As Ron Geerlings and I talked about what happened and the CRC connection we noted that this particular incident is not really a strange anomaly. It is rather the result of a host of negative factors that, taken together, have for years dragged down the people of a country that is among the wealthiest and best educated in Africa.
This is systemic and long-term.
Nigeria has 170 million people, hundreds of ethnic groups, borders drawn by colonial powers and nearly a 50-50 mix of Christians and Muslims. Oil accounts for 95% of Nigeria's exports and the money generated flows down through federal, state, and local governments. The competition to control the money at each level can be fierce and charges of corruption and unfair distribution are common. Given these realities, Nigeria had its share of development, political, and justice issues before Boko Haram came on the scene. And given their complexity, these issues will remain after the threat of Boko Haram has been eliminated.
For example, Nigeria needs to be more transparent and just in dividing its resources. Nigeria needs to address the brutality and ineffectiveness of its security forces. And Nigeria’s peace-loving Muslim communities need to be more effective in opposing those that are bent on holy war.
At some point, we as global citizens need to reflect on why it has taken so long for the world to take note of Boko Haram, a terrorist group that has taken credit for attacks on schools, churches, mosques, security forces, media, and the United Nations over the last five years. Is it compassion fatigue and information overload, or is it a lack of compassion and of looking the other way? Some day we may need a clearer answer to the question of who has been supporting Boko Haram through these years. In the future we may continue to explore and debate the roles that poverty and climate change played in creating fertile ground for Boko Haram recruitment.
But with Boko Haram’s recent kidnapping of secondary school girls, world awareness and alignment for action is suddenly high. North, South, East and West, Christians, Muslims, left and right now agree that the actions of this terrorist group are diabolically wrong. Even other terrorist groups are distancing themselves from Boko Haram's atrocities.

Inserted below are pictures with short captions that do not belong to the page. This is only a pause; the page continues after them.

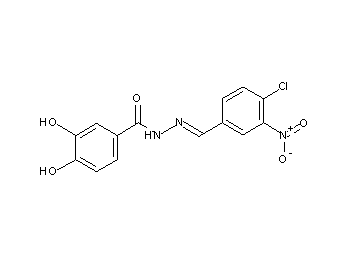 N'-(4-chloro-3-nitrobenzylidene)-3,4-dihydroxybenzohydrazide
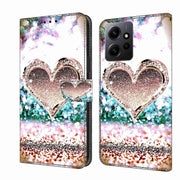 Custodia per telefono in pelle protettiva antiurto Crystal 3D, For Xiaomi Redmi Note 12 4G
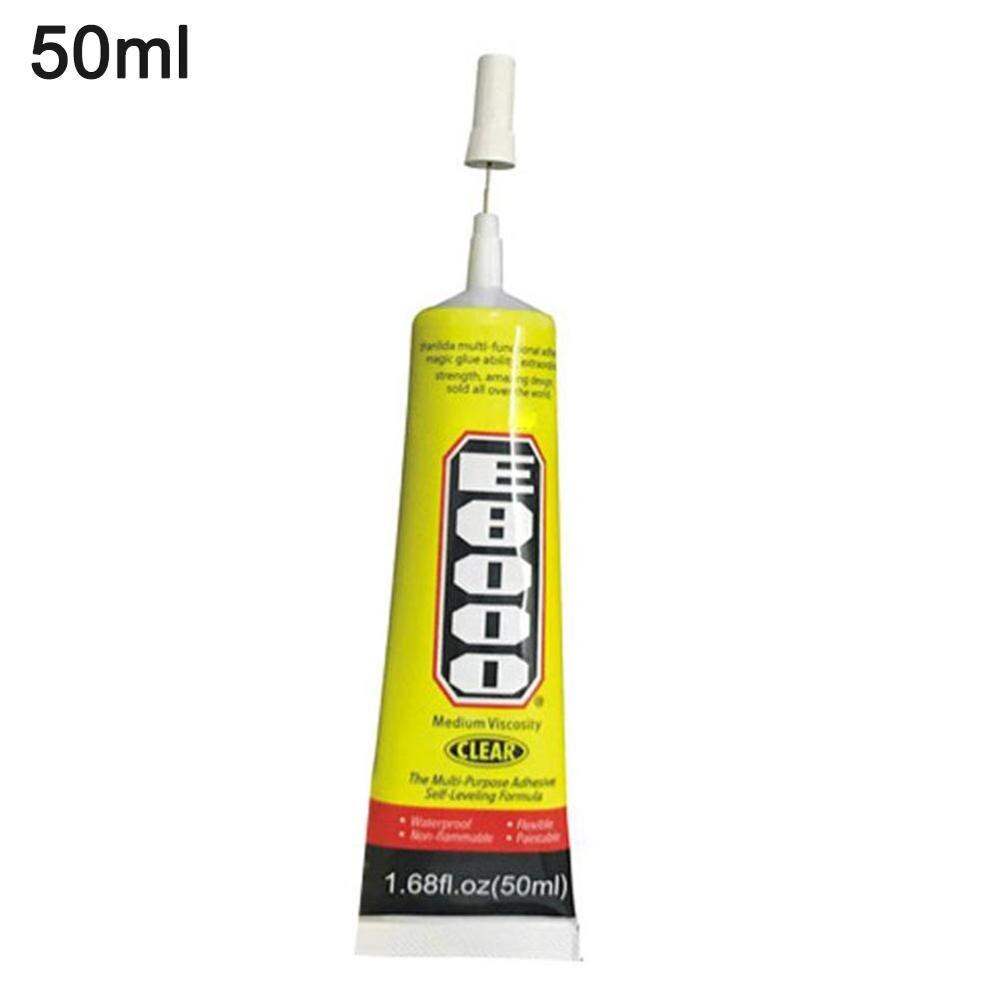 15Ml E8000 Sterke Vloeibare Lijm Kleding Stof Clear Telefoon Lijm Screen Briefpapier Instant Sieraden Oortelefoon Lederen U3N6: 50ml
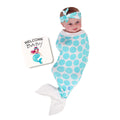🧜‍♀️ Mermaid Cocoon Swaddle Set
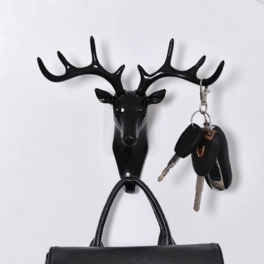 Vägghängande Krok Vintage Deer Head Keys Paraply Jacka Scarf Hanger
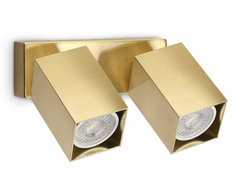 Lubinis šviestuvas Paviršinis šviestuvas DYNAMITE, 2xGU10, žalvario sp., 371245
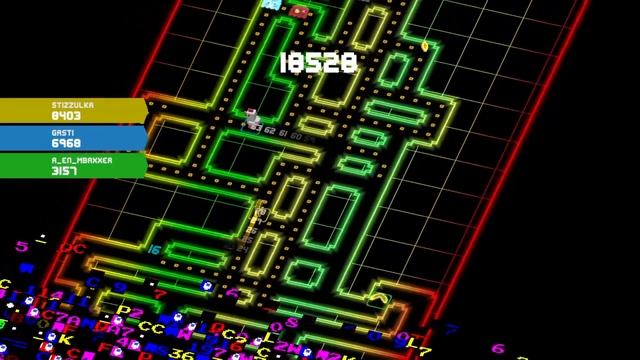 Pac-Man 256 | 3 player practice | CEDX theme | Beam, Electric & Giant Pac-Man power-ups смотреть онлайн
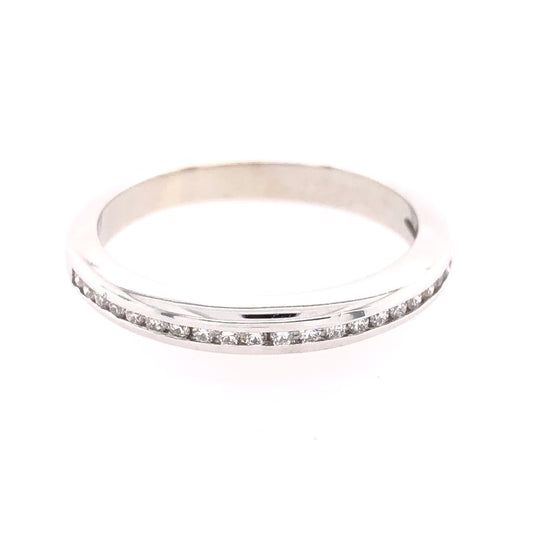 Estate 14K Diamond Channel Set Band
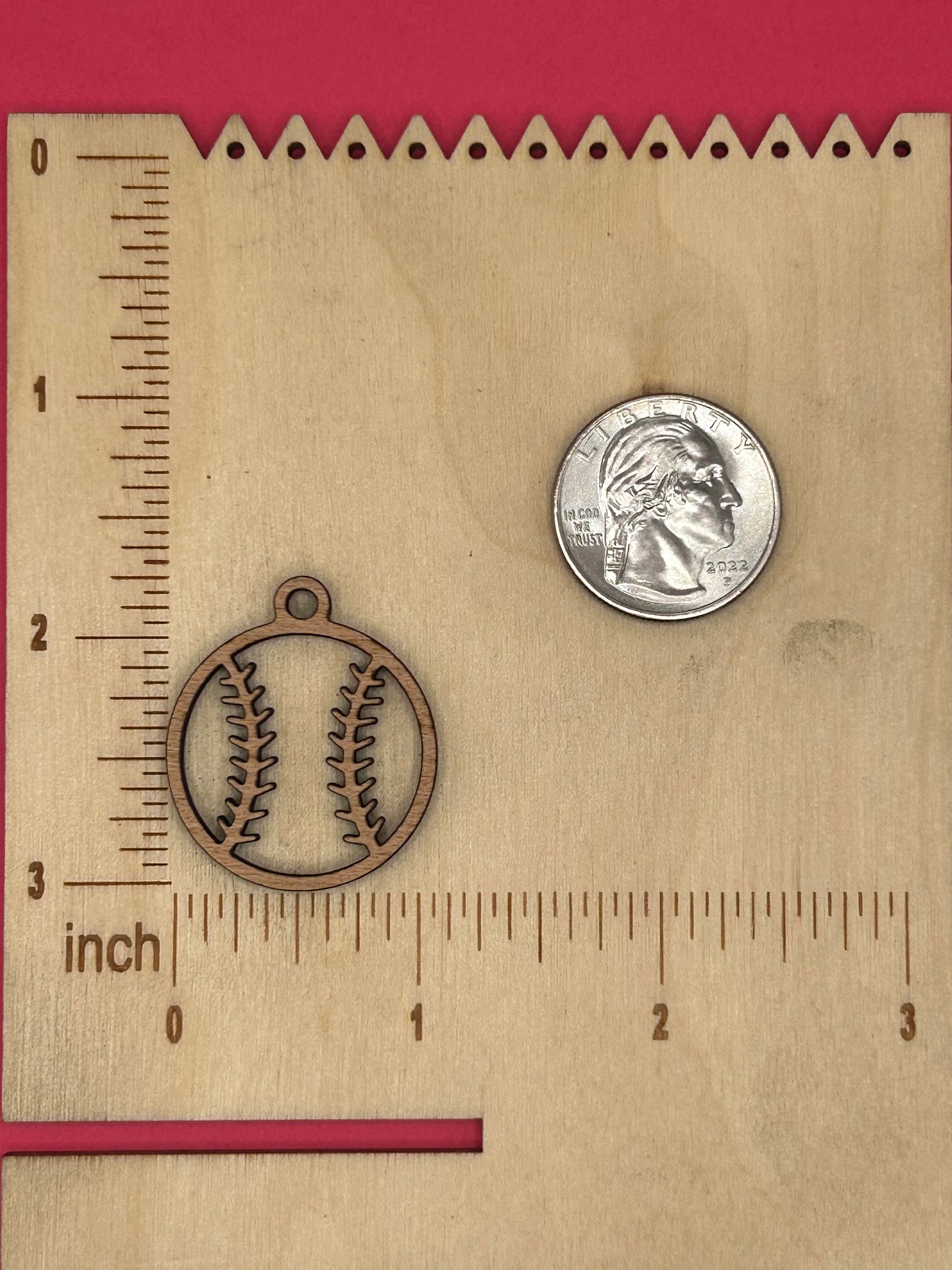 Blank Baseball wooden bezels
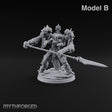 Pistons Hiss, Spears Rise Human Mech Suit Spear Warrior B — Spear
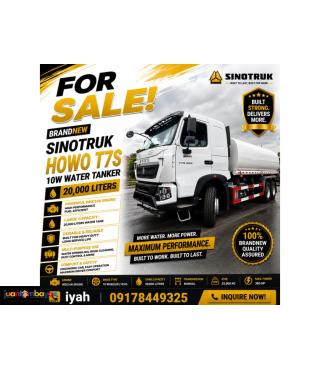 BRANDNEW SINOTRUK HOWO T7S 10W WATER TANKER WEICHAI... 20K LITERS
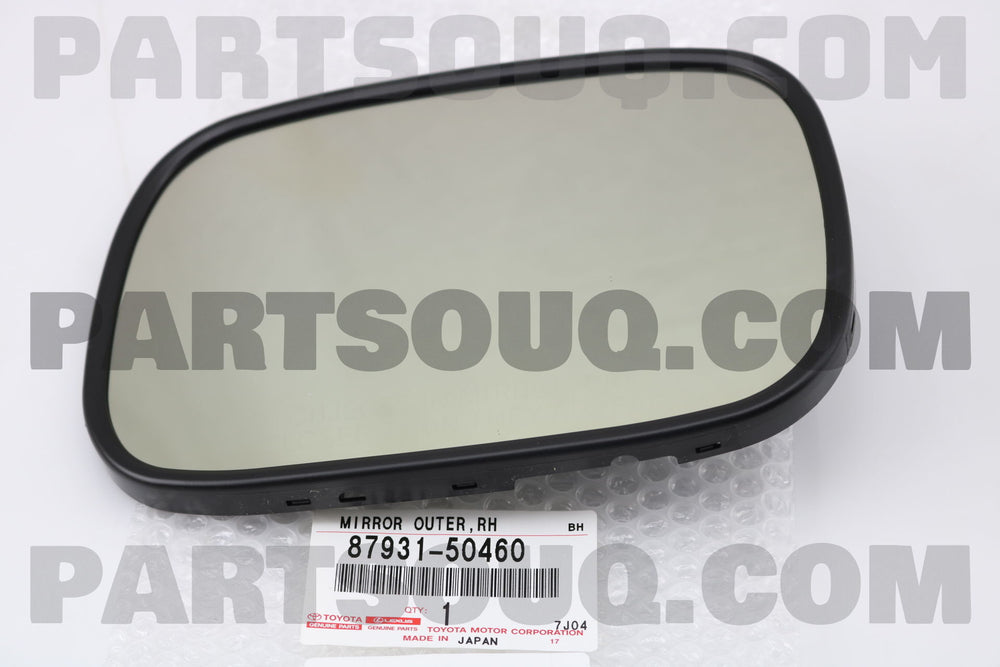 Outer Mirror Glass, Passenger Side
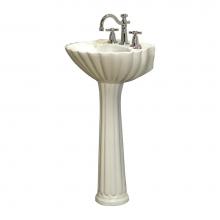 Barclay 3-588BQ - Bali Pedestal Lavatory, 8''cc, Bisque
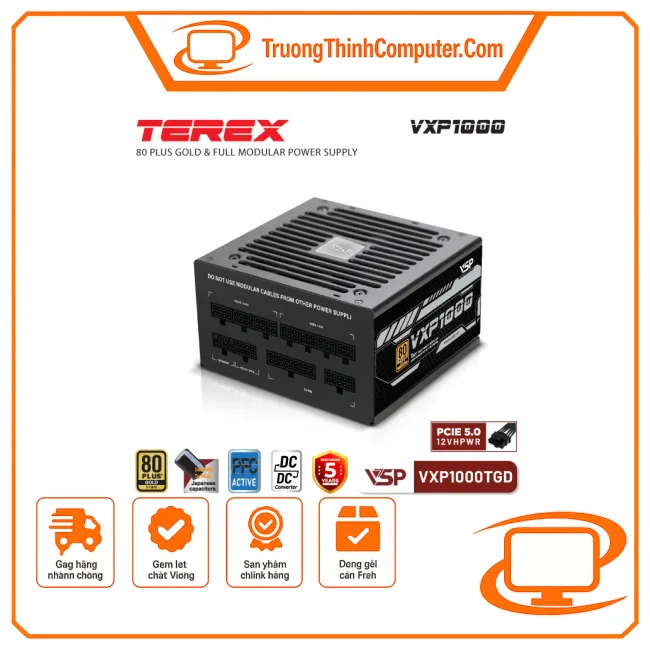 Nguồn máy tính VSP VXP1000TGD - 1000W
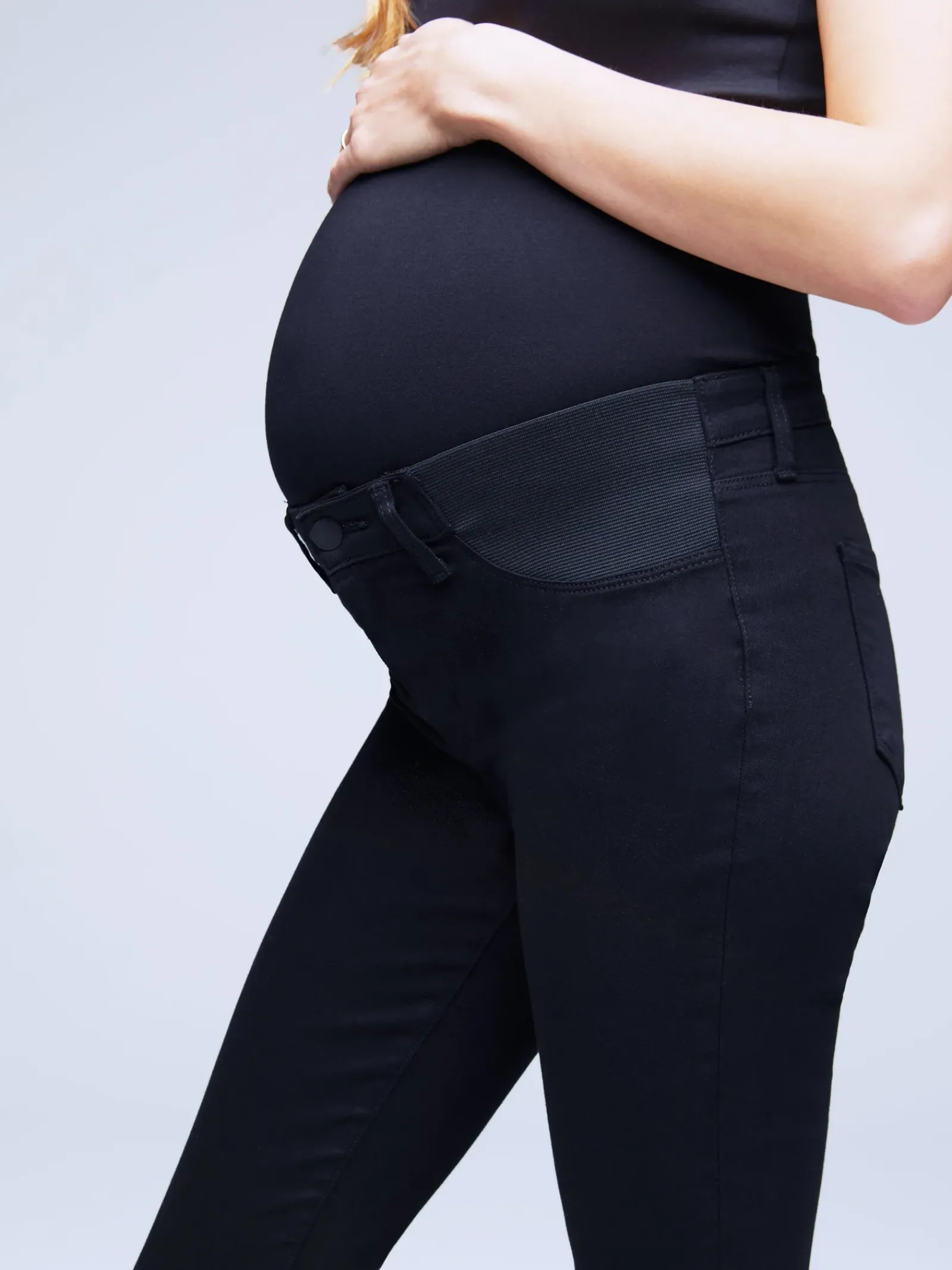 L'AGENCE Online Exclusives|Maternity|Margot Maternity Jean Noir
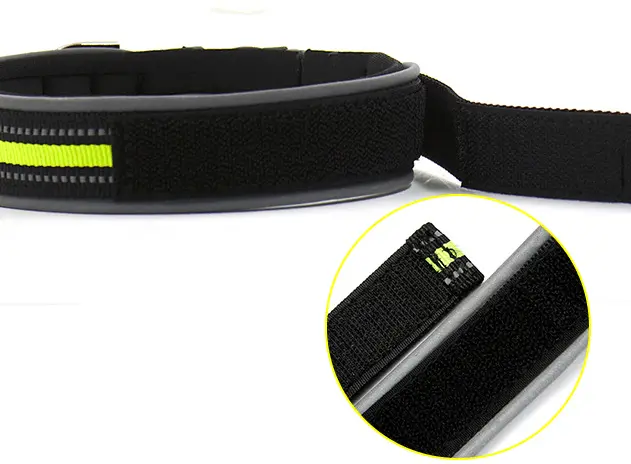 Reflective Grid Pattern Neoprene Pet Collars - Stylish Safety Accessories For Dogs And Cats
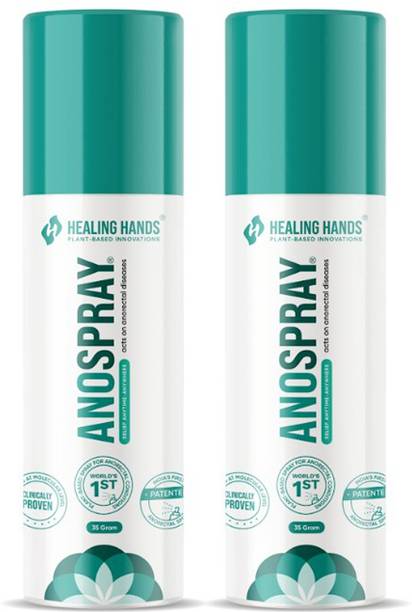 Healing Hands AnoSpray Patented Advanced Piles & Fissure Care Spray| Fast Pain, Burning Relief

Nigeria’s leadership has been shamed into unprecedented action, including requests to other nations for assistance in rescuing the girls and in confronting Boko Haram. Let us support our governments in providing the assistance that Nigeria requests. Let us keep praying for the girls and their families. And let us keep attention on the issue so that Nigeria is held accountable to rescue the girls and to bring their kidnappers to justice.